The Scripture reading this week is John 21:1-25
The Sermon title is Gone Fishing
Early Thoughts: The world is changed, but sometimes we just want to go back to what we know best...
But once touched by Easter can we ever truly go home again?
Not if you are Peter. By now we have had multiple appearance stories in John's Gospel. Jesus has been seen and spoken with 3 times in Chapter 20. But still the Disciples have yet to become ready to go out and share the story. They have gone back to the beginning, back to where it all started [although strictly speaking John's Gospel does not have a story of the fishers being called by the lakeshore at the beginning of the story -- unlike Matthew Mark and Luke]. And once there I get the sense they are not sure what to do next.
So Peter goes fishing. It is what he knows best. Is he trying to get back to what once was? Is he seeking comfort in the familiar? Is he trying to earn a bit of money? Is he just trying to fill time with something because otherwise life is just too difficult? We don't know.
What we are told is that the fishing was not good. Total failure in fact. A whole night of nothing. The some stranger comes by and makes a suggestion: "try the other side". Because every fisher likes to be given helpful advice from some stranger walking by. Right?
The miraculous catch that ensues reveals who the stranger is. "It is the Lord!" And then Peter and Christ have this shore lunch exchange about love and service. It is often suggested that the threefold declaration of love is John's counter to Peter's threefold denial during the passion story.
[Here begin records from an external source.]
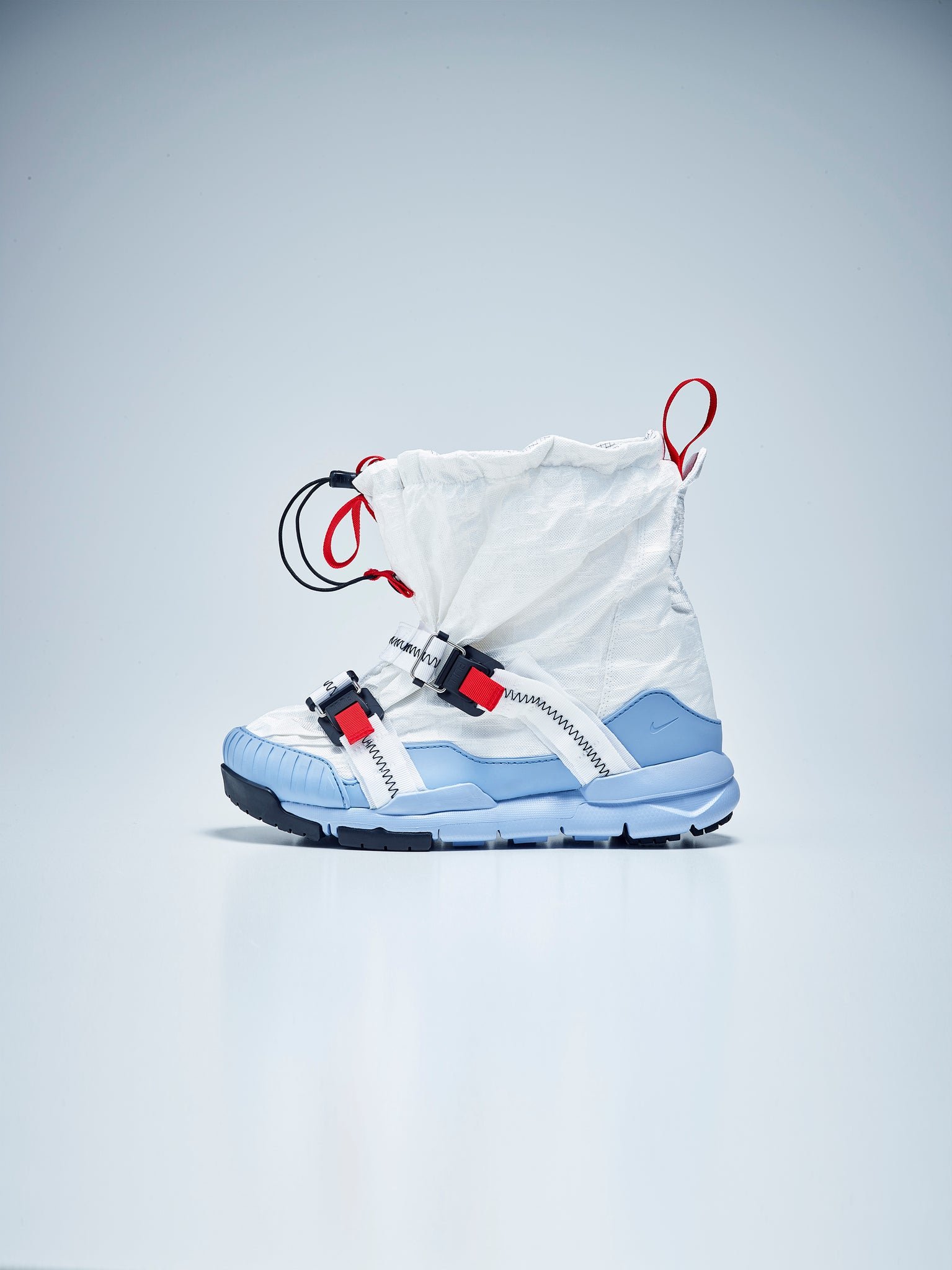 Tom_Sachs_NikeCraft_Mars_Yard_Overshoe_03_S_1024x1024@2x.jpg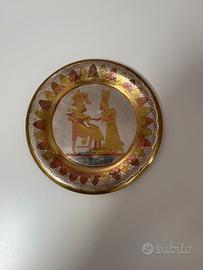 Piattino con gancio da appendere al muro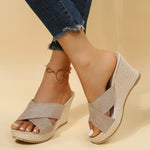 Wedge Sandalen met Kruisriem Ontwerp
What does this story tell us about Easter?
One is that once having experienced Easter we can't go back to doing things the same old way. We have to be ready to "try the other side". Because life has been changed and so we also have been changed (if we let ourselves be changed).
The other is that as followers of the Risen Christ we have to remember that love is a verb. It is not enough to love Christ, we also have to follow him, we also have to put love into practice by caring for those whom God loves.
The second point pushes us to ask how we care for the lambs and sheep as commanded by the Good Shepherd. How do we respond when there is a chemical attack (again) in Syria? How do we respond to the reality that Grande Prairie has such a high rate of overdose deaths in the midst of the opiod crisis? How do we care for our neighbours near and far?
The first point pushes us to ask if we are truly open to being transformed. Often we really want things to go back to the "good old days" rather than be introduced to the "good new days". We are reluctant to admit we need to try the other side. Where do we, as individuals, as a community of faith, as a larger community need to be open for change? Where do we need to stop doing things the way we always have done?